● Work to be completed
Without the images, write out the whole listing exactly.
--- The data ---
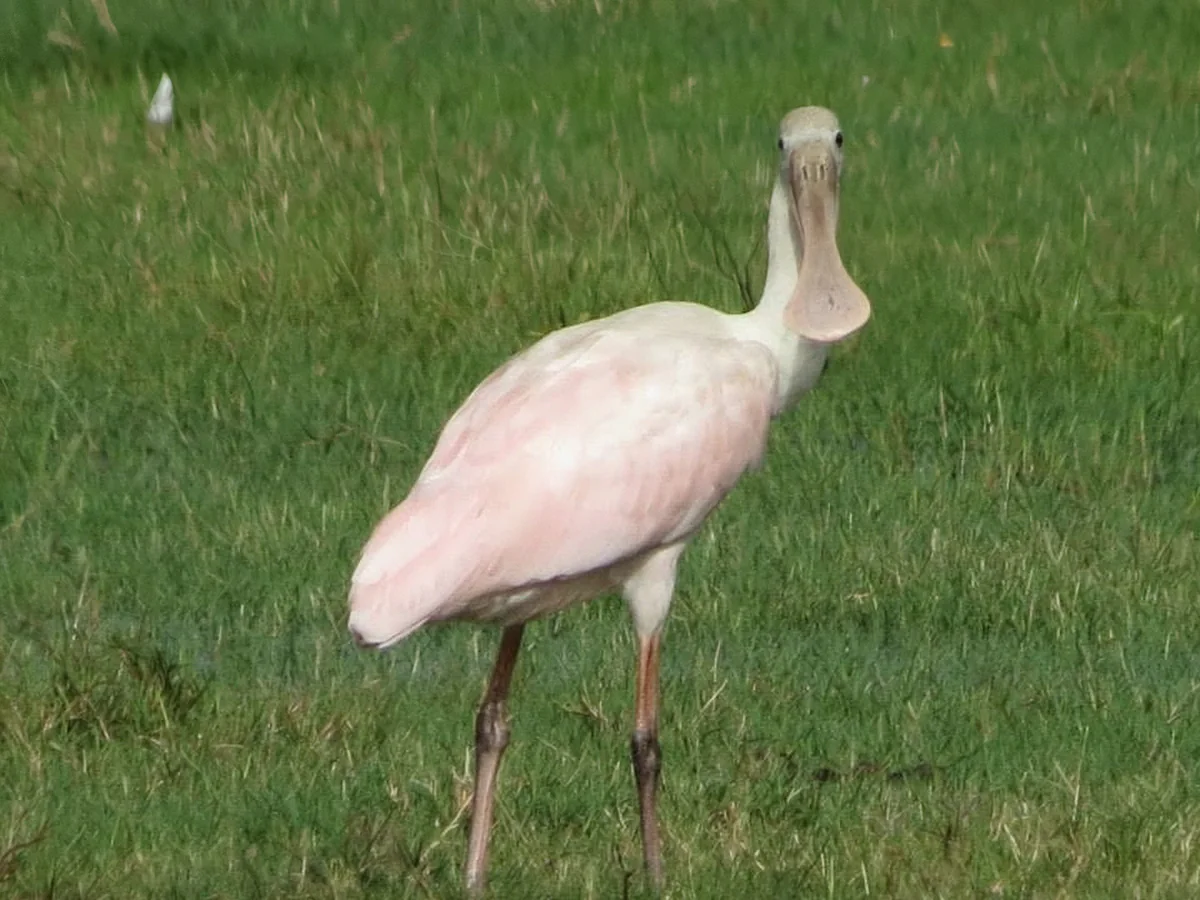 Roseate spoonbill with its pink wings and spoon shaped bill standing in the St. Johns River marsh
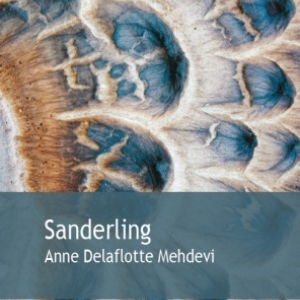 Sanderling de Anne Delaflotte Mehdevi  Editions Gaia.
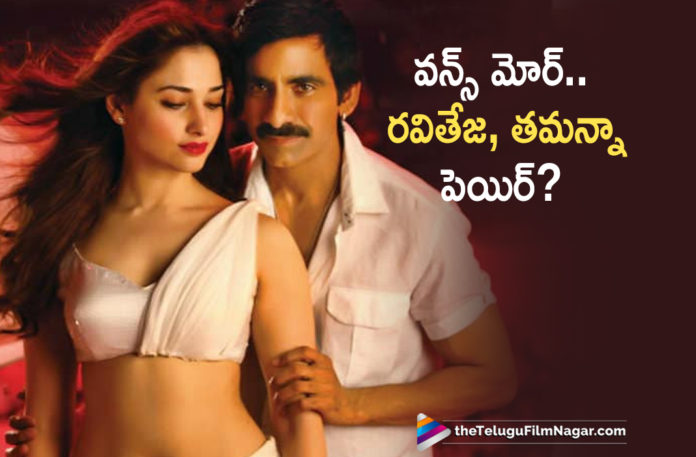 Tamannaah Bhatia Teams Up With Ravi Teja After Bengal Tiger,Telugu Filmnagar,Latest Telugu Movies News,Telugu Film News 2020,Tollywood Movie Updates,Ravi Teja,Tamannaah Bhatia,Tamannaah Bhatia Latest News,Ravi Teja Latest News,Tamannaah Bhatia New Movie With Ravi Teja,Tamannaah Bhatia Upcoming Film With Ravi Teja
---
● Answer space
 Roseate spoonbill with its pink wings and spoon shaped bill standing in the St. Johns River marsh
 Sanderling de Anne Delaflotte Mehdevi  Editions Gaia.
 Tamannaah Bhatia Teams Up With Ravi Teja After Bengal Tiger,Telugu Filmnagar,Latest Telugu Movies News,Telugu Film News 2020,Tollywood Movie Updates,Ravi Teja,Tamannaah Bhatia,Tamannaah Bhatia Latest News,Ravi Teja Latest News,Tamannaah Bhatia New Movie With Ravi Teja,Tamannaah Bhatia Upcoming Film With Ravi Teja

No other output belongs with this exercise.